Basic Sitting Method
Sit up straight on the edge (about four inches) of a bench with its height equal to that of your knees. Rest your hands on your knees with your feet flat on the ground and shoulder width apart. Relax your shoulders while bending your elbows naturally. Draw in your chin and relax your chest. The tip of your nose is in line with your navel. Slightly close your eyes or look forward gently. Close your mouth and clench your teeth lightly. Rest the tip of your tongue on your palate like pronouncing ‘luh’.

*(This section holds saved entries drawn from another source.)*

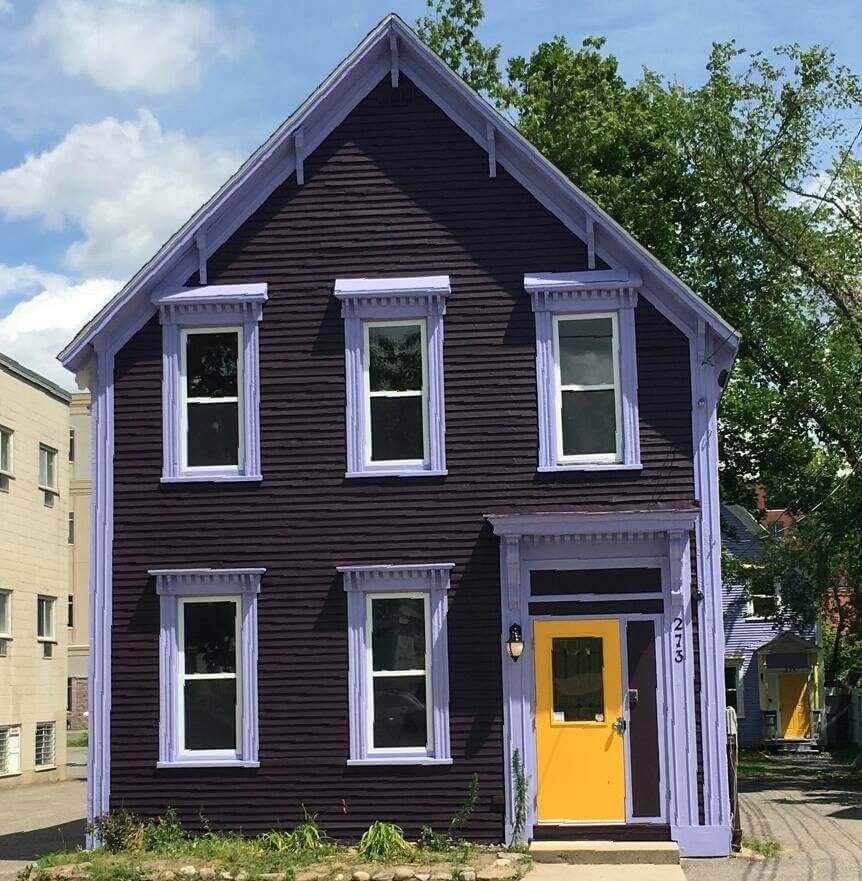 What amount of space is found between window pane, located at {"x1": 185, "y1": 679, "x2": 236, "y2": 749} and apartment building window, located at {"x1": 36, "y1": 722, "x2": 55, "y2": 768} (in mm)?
20804

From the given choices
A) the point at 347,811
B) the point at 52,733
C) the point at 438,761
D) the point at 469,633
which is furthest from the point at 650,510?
the point at 52,733

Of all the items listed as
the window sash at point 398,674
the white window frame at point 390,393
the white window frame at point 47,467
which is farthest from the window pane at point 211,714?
the white window frame at point 47,467

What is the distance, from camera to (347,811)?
16703 millimetres

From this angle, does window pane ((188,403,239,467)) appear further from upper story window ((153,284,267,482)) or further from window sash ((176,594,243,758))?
window sash ((176,594,243,758))

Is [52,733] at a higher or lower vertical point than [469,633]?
lower

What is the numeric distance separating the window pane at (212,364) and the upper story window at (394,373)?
1.50m

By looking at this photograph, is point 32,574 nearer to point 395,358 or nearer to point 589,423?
point 395,358

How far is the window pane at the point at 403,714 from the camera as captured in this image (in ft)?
55.3

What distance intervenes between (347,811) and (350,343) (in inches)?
221

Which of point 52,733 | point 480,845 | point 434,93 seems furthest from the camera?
point 52,733

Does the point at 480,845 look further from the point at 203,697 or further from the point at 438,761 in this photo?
the point at 203,697

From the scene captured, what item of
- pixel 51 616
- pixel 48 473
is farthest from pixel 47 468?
pixel 51 616

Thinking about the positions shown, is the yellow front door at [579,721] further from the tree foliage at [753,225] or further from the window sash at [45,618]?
the window sash at [45,618]

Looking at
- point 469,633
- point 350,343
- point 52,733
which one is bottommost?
point 52,733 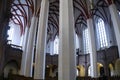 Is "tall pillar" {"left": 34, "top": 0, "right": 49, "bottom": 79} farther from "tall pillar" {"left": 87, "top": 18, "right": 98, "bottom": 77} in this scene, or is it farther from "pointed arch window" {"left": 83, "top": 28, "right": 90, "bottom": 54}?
"pointed arch window" {"left": 83, "top": 28, "right": 90, "bottom": 54}

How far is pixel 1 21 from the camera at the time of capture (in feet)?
45.0

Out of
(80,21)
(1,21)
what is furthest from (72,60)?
(80,21)

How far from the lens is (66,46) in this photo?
9.54m

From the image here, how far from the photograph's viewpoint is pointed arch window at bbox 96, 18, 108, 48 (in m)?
22.5

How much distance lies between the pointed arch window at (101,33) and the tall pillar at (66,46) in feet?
42.6

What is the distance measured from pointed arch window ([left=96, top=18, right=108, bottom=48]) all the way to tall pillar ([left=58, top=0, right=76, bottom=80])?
13.0 m

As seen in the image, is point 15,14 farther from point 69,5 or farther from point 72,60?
point 72,60

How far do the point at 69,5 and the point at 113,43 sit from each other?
11924mm

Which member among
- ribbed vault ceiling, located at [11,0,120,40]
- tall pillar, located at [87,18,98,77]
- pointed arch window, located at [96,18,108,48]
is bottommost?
tall pillar, located at [87,18,98,77]

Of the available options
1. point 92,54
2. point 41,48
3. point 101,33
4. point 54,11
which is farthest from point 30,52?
point 101,33

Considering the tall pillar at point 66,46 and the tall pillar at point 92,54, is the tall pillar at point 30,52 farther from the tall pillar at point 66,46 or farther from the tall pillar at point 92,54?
the tall pillar at point 66,46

Breathe deeply and slowly; deeply, but do not hold your breath; slowly, but just to the extent that you feel uncomfortable. Calm down mentally and relax physically through this breathing pattern. Clear your mind while inhaling and relax your muscles while exhaling. Practice for five to fifteen minutes each time.
Swaying Torso in the Chi
Begin with the basic sitting position. Separate the feet to one and a half shoulders’ width. Lean your torso to the right side, forward, to the left side, and then backward a little in turn. Exhale while bending forward and inhale while lifting the torso. Draw a circle like this 36 times. Return to the starting position and rest for one or two deep breaths. Then turn the torso in the opposite direction for 36 times. Imaging that your torso is swaying in an ocean of chi. Take two to six deep breaths before finishing. It should take 15 to 20 minutes for this exercise.
This exercise is for overall balance of the internal organs. It is especially helpful for recovering from bad functioning of digestive system, poor bowel movement, lumbago, and insomnia.